By Harvey Whitehouse, Chief Consultant on the BBC Extraordinary Rituals Series and Professor of Social Anthropology, University of Oxford
Ritual is what we do because that’s what everybody else does. Humans are amazing copycats. No other animal copies behaviour to the extent that we do. Our closest living relatives, chimpanzees, will copy each other to a limited degree, especially when they can see how a behaviour leads to some useful outcome. Some species of birds are extremely good at this kind of copying – members of the crow family, for example, are able to remember long sequences of actions necessary to extract food from a puzzle box.
Where humans really excel, though, is in their ability to imitate actions that have no practical value at all. This is what enables us to pass on fashions and traditions – behaviours that tell us what groups we belong to. This is really what we mean by ‘ritual’ – actions that have to be performed simply because it’s the ‘done’ or ‘proper’ way to act in the group to which you happen to belong. The wearing of ‘big hair’ in Guizhou Province, Southwest China, is a great example of this.

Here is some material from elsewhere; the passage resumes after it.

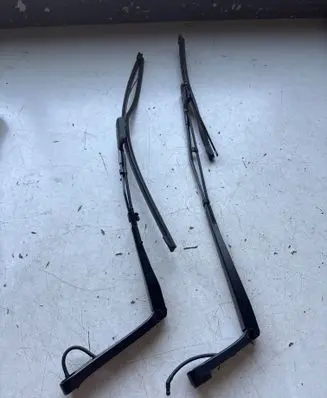 Opel Astra L Windshield/front glass wiper blade 9830976880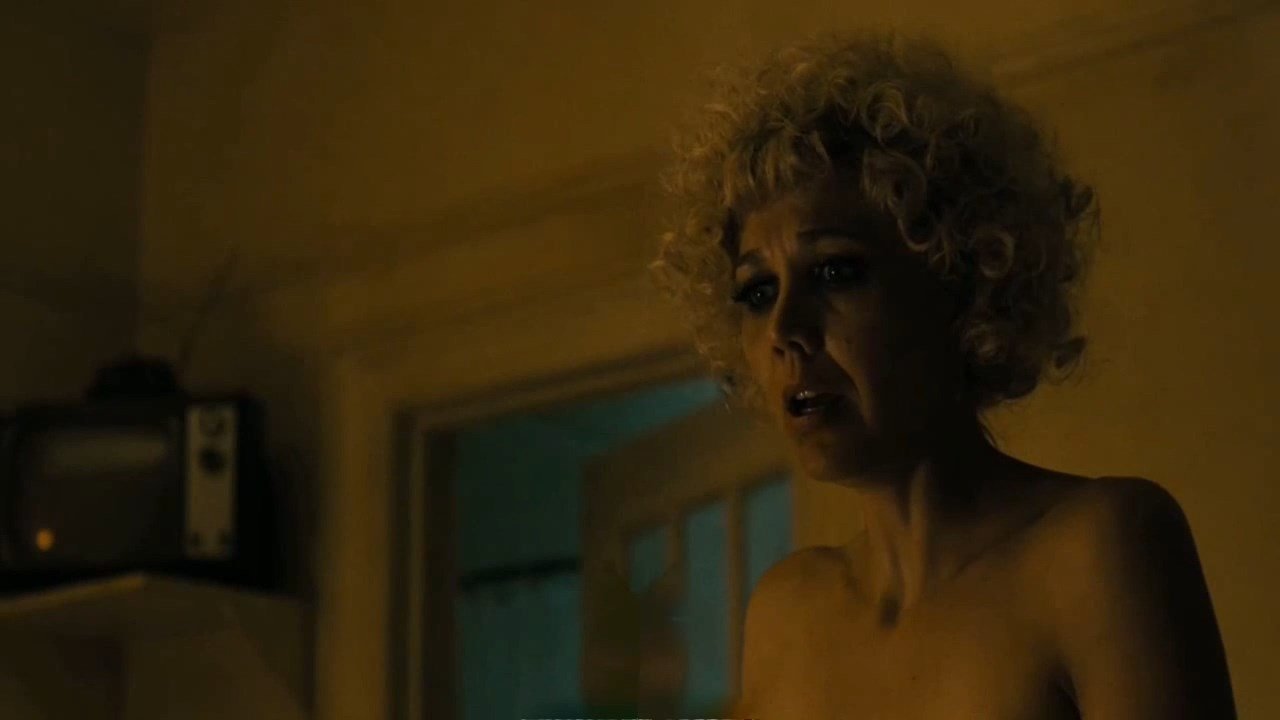 Maggie Gyllenhaal Nude Scene 25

When we participate in rituals we demonstrate to other people that we are good citizens, committed to collective goals.There’s no point joining in a ritual if you don’t want to affiliate with the group that performs it.
This can be especially obvious when groups compete with each other – for example by trying to drown out the opposition by chanting and singing at a football match or, in the ancient traditions of Siena, racing bareback on horses for the honour of your local community.